Request document structure

This section describes the structure of the JSON document used to register external models within the platform.

Top-level members

The document must contain the following top-level members, describing the interface of your model:

  • name: the name of the registered model. This name uniquely identifies a collection of model versions, registered within the Hydrosphere platform.

  • signature: the interface of the registered model. This member describes inputs and outputs of the model, as well as other complementary metadata, such as data profile for each field.

A document may contain additional top-level members, describing other details of your model.

  • metadata: the metadata of the registered model. The structure of the object is not strictly defined. The only constraint is that the object must have a key-value structure, where a value can only be of a simple data type (string, number, boolean).

  • monitoringConfiguration: monitoring configuration to be used for this model.

This example shows, how a model can be defined at the top level:

{  
    "name": "external-model-example",
    "metadata": {
        "architecture": "Feed-forward neural network",
        "description": "Sample external model example",
        "author": "Hydrosphere.io",
        "training-data": "s3://bucket/external-model-example/data/",
        "endpoint": "http://example.com/api/external-model/"
    },
    "monitoringConfiguration": {
        "batchSize": 100
    },
    "signature": {
        ...
    }
}

MonitoringConfiguration object

monitoringConfiguration object defines a monitoring configuration to be used for the model version. The object must contain the following members:

  • batchSize: size of the batch to be used for aggregations.

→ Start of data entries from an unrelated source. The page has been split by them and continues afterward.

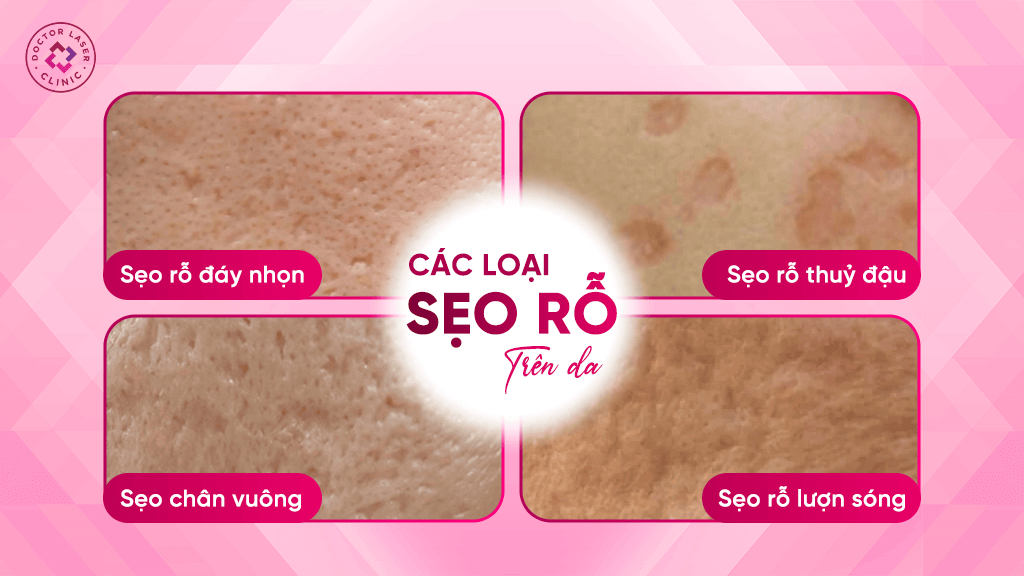 Các loại sẹo rỗ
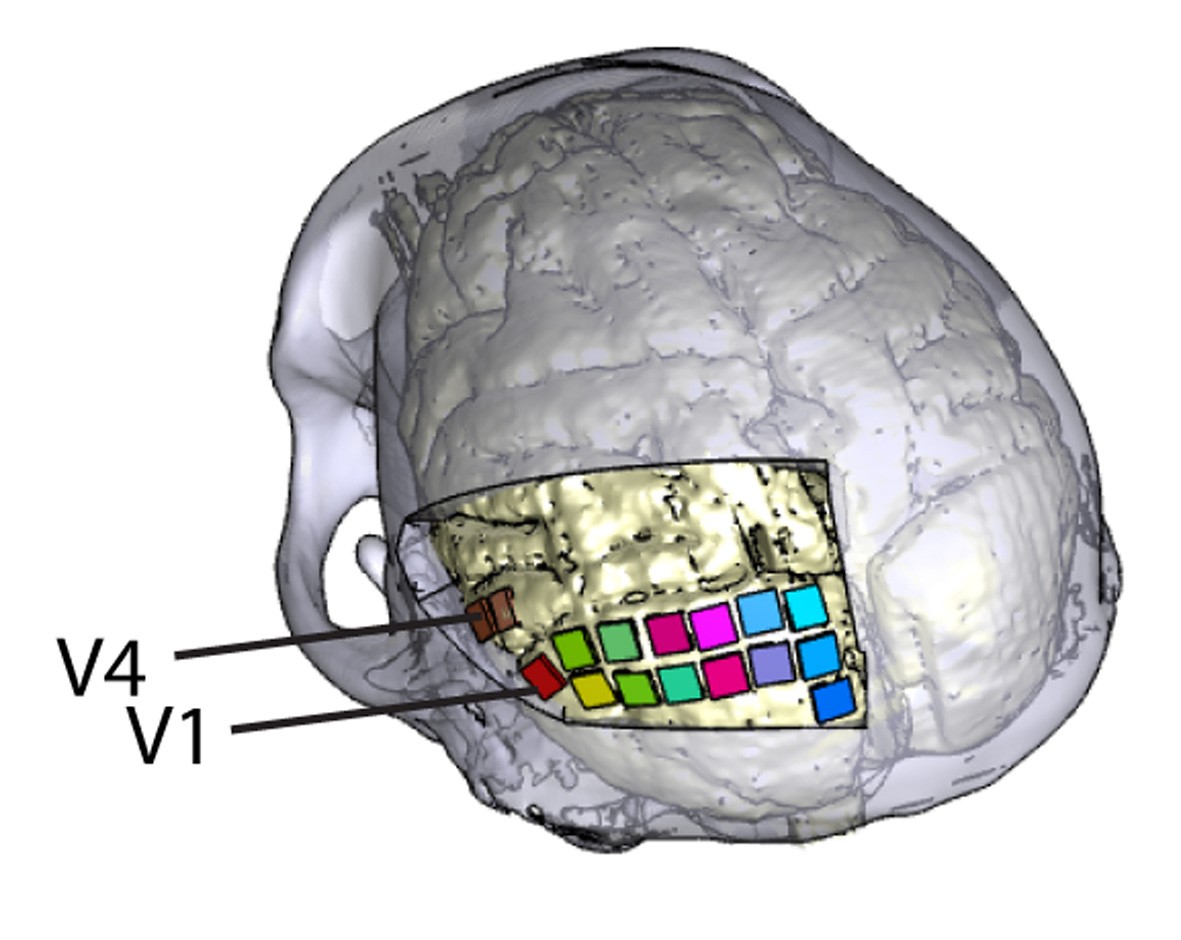 Desarrollado un nuevo implante cerebral con electrodos que podría ayudar a personas ciegas a percibir formas y letras
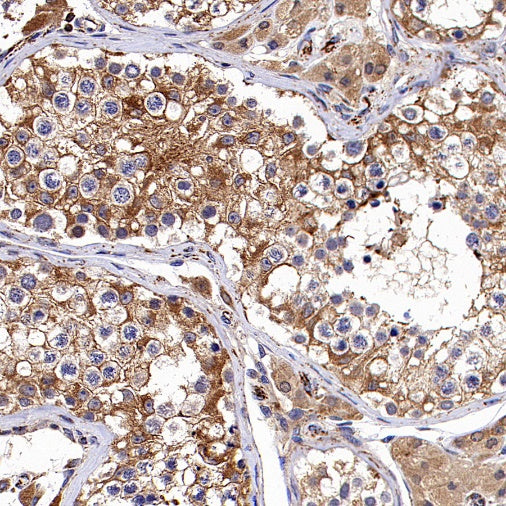 Hexokinase II Rabbit Polyclonal Antibody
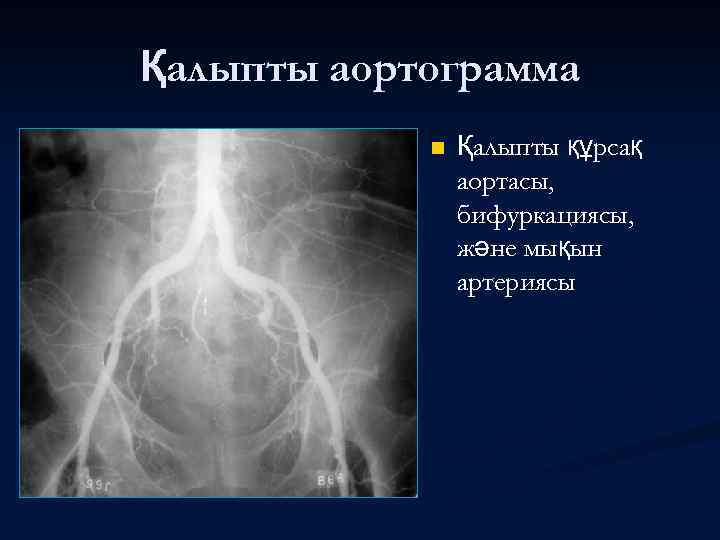 Қалыпты аортограмма n Қалыпты құрсақ аортасы, бифуркациясы, және мықын артериясы 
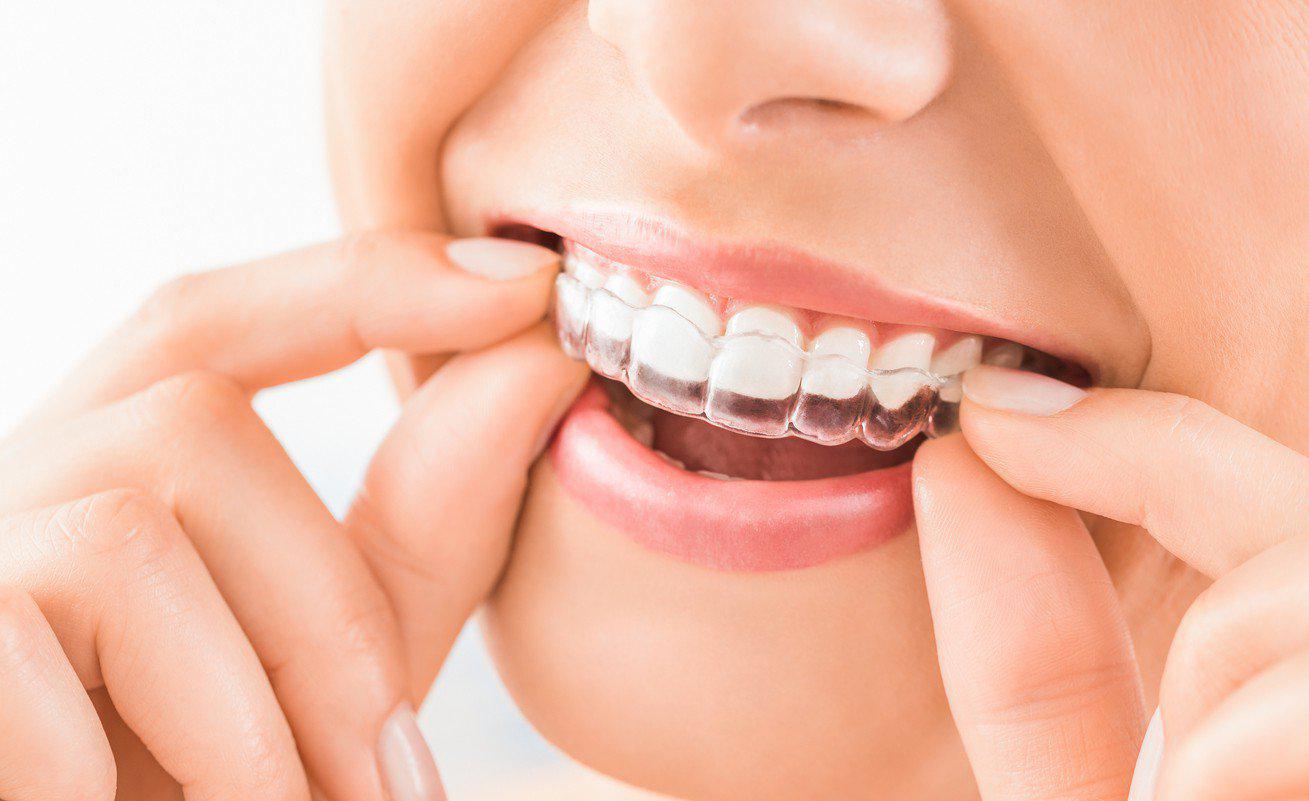 Invisalign Near Me: Everything You Need To Know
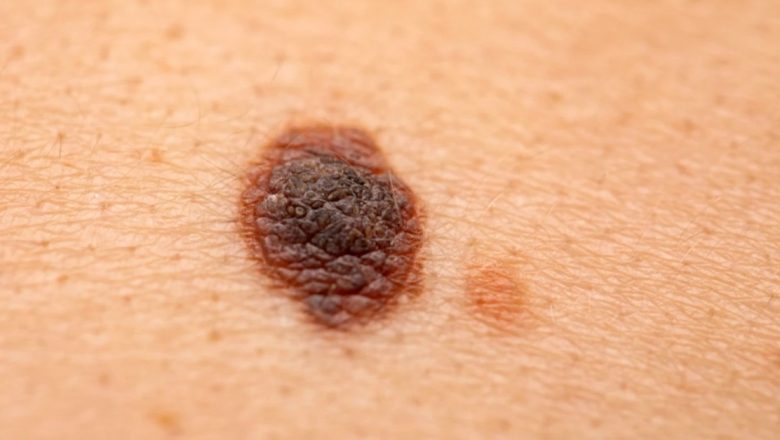 Melanomul: Recunoașterea, prevenția și tratamentele acestei forme grave de cancer de piele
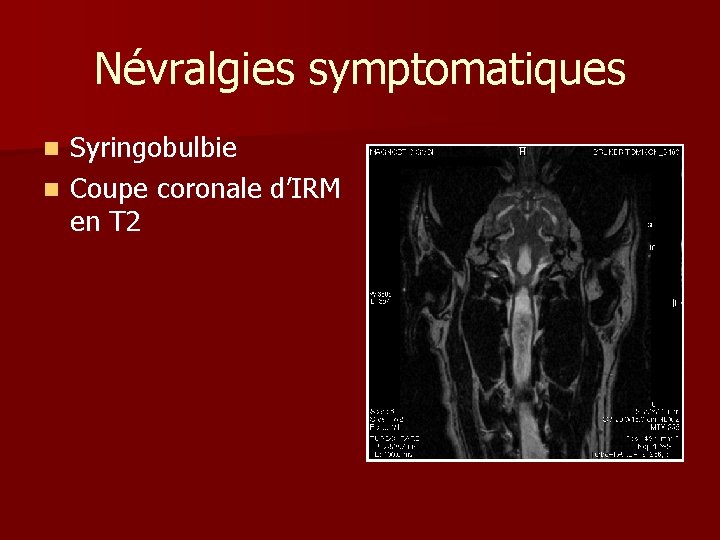 Névralgies symptomatiques Syringobulbie n Coupe coronale d’IRM en T 2 n 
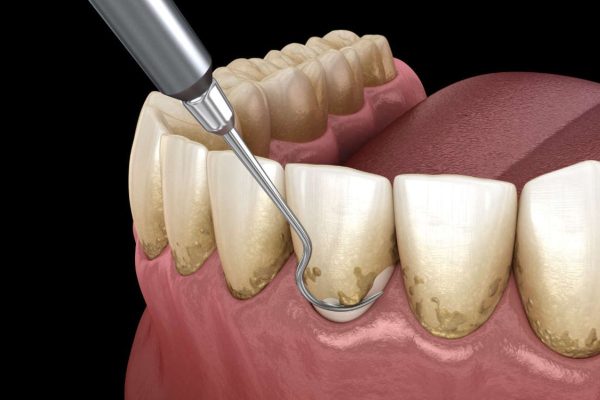 Giải đáp nha khoa: Có nên lấy cao răng không?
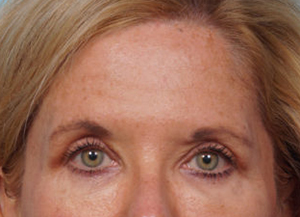 Brow Lift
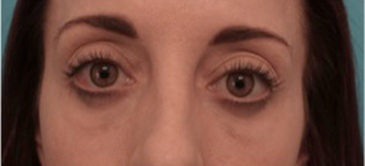 After Image: Lower Eyelid Blepharoplasty Patient #2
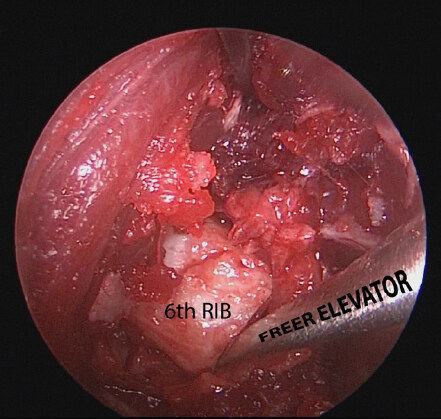 Endoscopic-assisted rib cartilage harvesting for revision rhinoplasty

The example below shows how a monitoringConfiguration object can be defined.

{
    "batchSize": 100,
}

Signature object

signature object describes the signature of the model. The signature object must contain the following members:

  • signatureName: The signature of the model, used to process the request;

  • inputs: A collection of fields, defining the inputs of the model. Each item in the collection describes a single data entry, its type, shape, and profile. A collection must contain at least one item;

  • outputs: A collection of fields, defining the outputs of the model. Each item in the collection describes a single data entry, its type, shape, and profile. A collection must contain at least one item.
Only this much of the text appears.